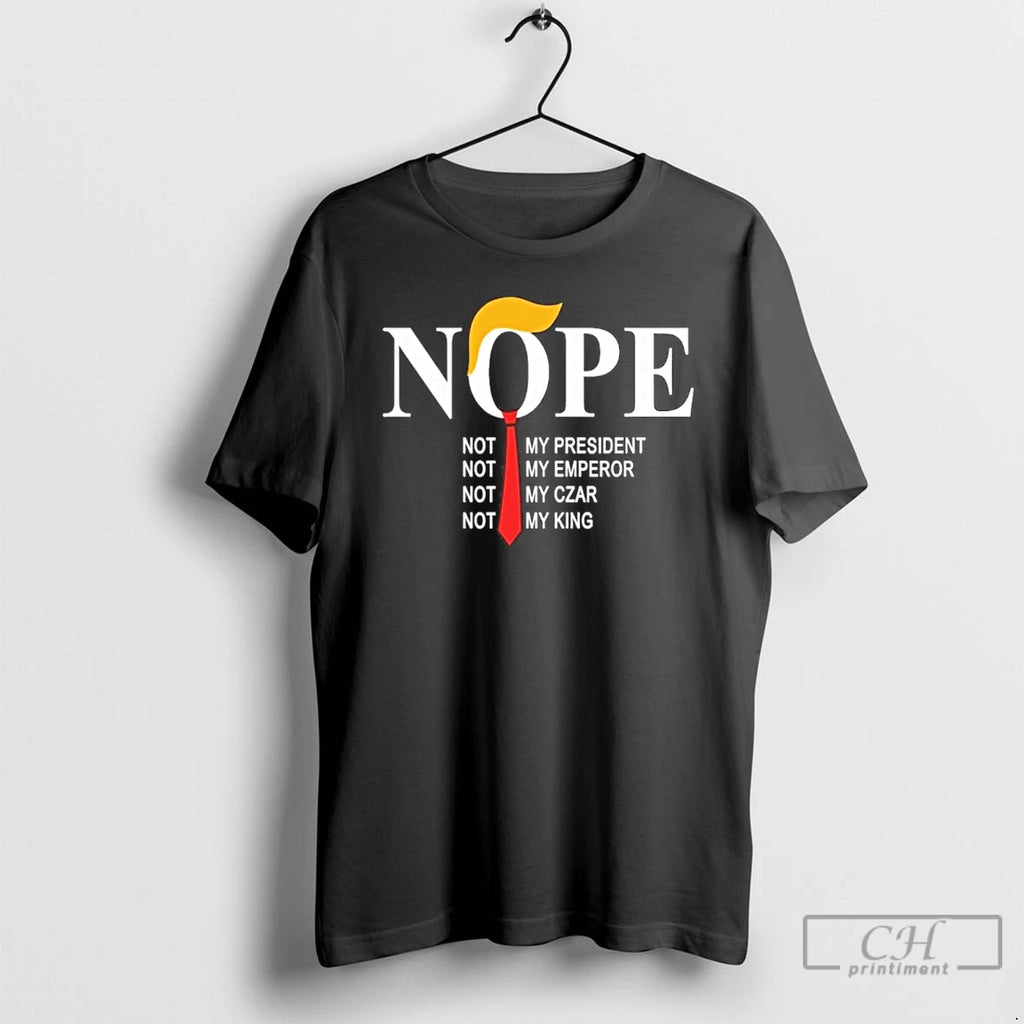 Classic Nope Not My President Not My Emperor Not My Czar Not My King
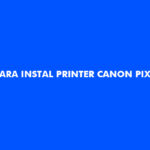 Cara Instal Printer Canon Pixma E410
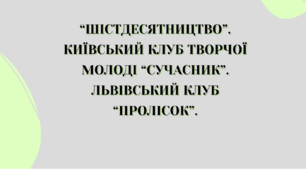Презентація на тему "“Шістдесятництво”. Київський клуб творчої молоді “Сучасник”. Львівський клуб “Пролісок”.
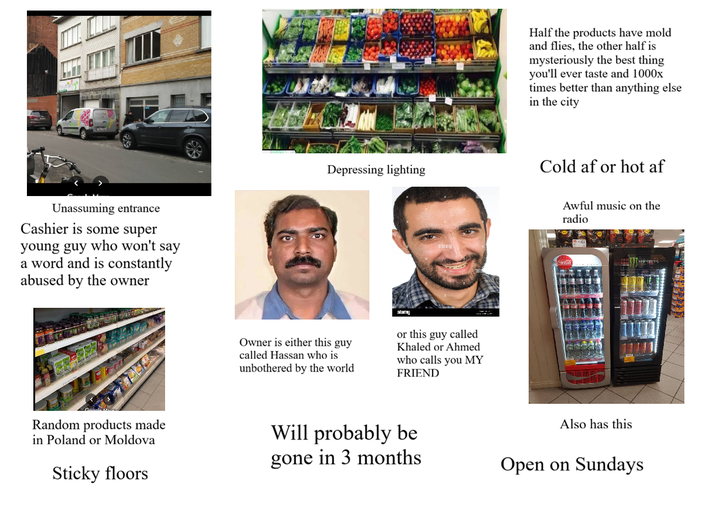 Unassuming entrance Cashier is some super young guy who won't say a word and is constantly abused by the owner Depressing lighting alamy Owner is either this guy called Hassan who is unbothered by the world or this guy called Khaled or Ahmed who calls you MY FRIEND Half the products have mold and flies, the other half is mysteriously the best thing you'll ever taste and 1000x times better than anything else in the city Cold af or hot af Awful music on the radio Random products made in Poland or Moldova Sticky floors Will probably be gone in 3 months Also has this Open on Sundays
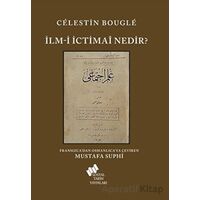 İlm-i İctimai Nedir? - Celestin Bougle - Sosyal Tarih Yayınları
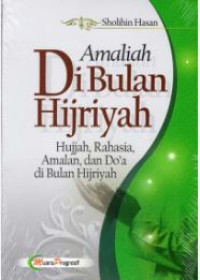 Image of Amaliah di bulan hijriyah : hujjah, rahasia, amalan, dan do'a di bulan hijriyah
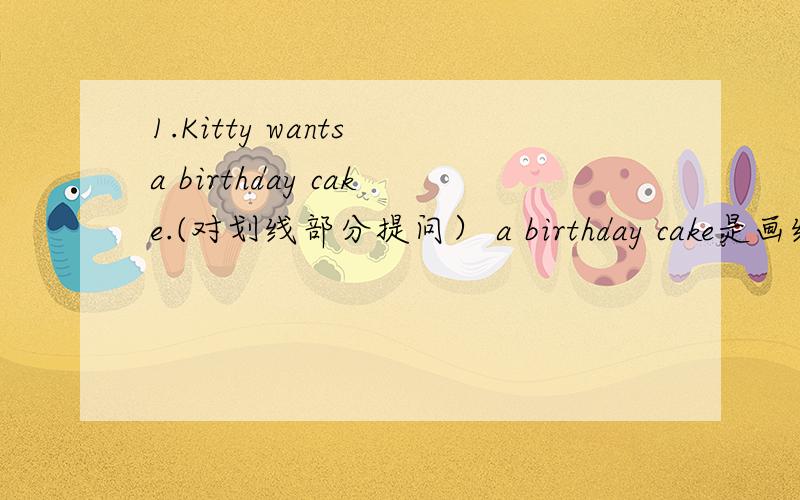 1.Kitty wants a birthday cake.(对划线部分提问） a birthday cake是画线句.谁会?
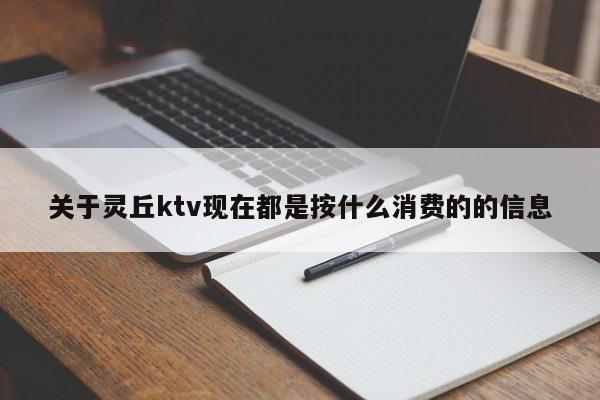 关于灵丘ktv现在都是按什么消费的的信息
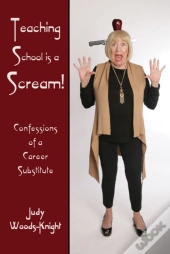 Teaching School Is A Scream!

################

WHAT IS NEEDED: Repeat the lines of the records verbatim, starting at the line containing "İlm-i İctimai Nedir?" and stopping after the final line. Images stay out.

PROBLEM SOLUTION:
 İlm-i İctimai Nedir? - Celestin Bougle - Sosyal Tarih Yayınları
 Image of Amaliah di bulan hijriyah : hujjah, rahasia, amalan, dan do'a di bulan hijriyah
 1.Kitty wants a birthday cake.(对划线部分提问） a birthday cake是画线句.谁会?
 关于灵丘ktv现在都是按什么消费的的信息
 Teaching School Is A Scream!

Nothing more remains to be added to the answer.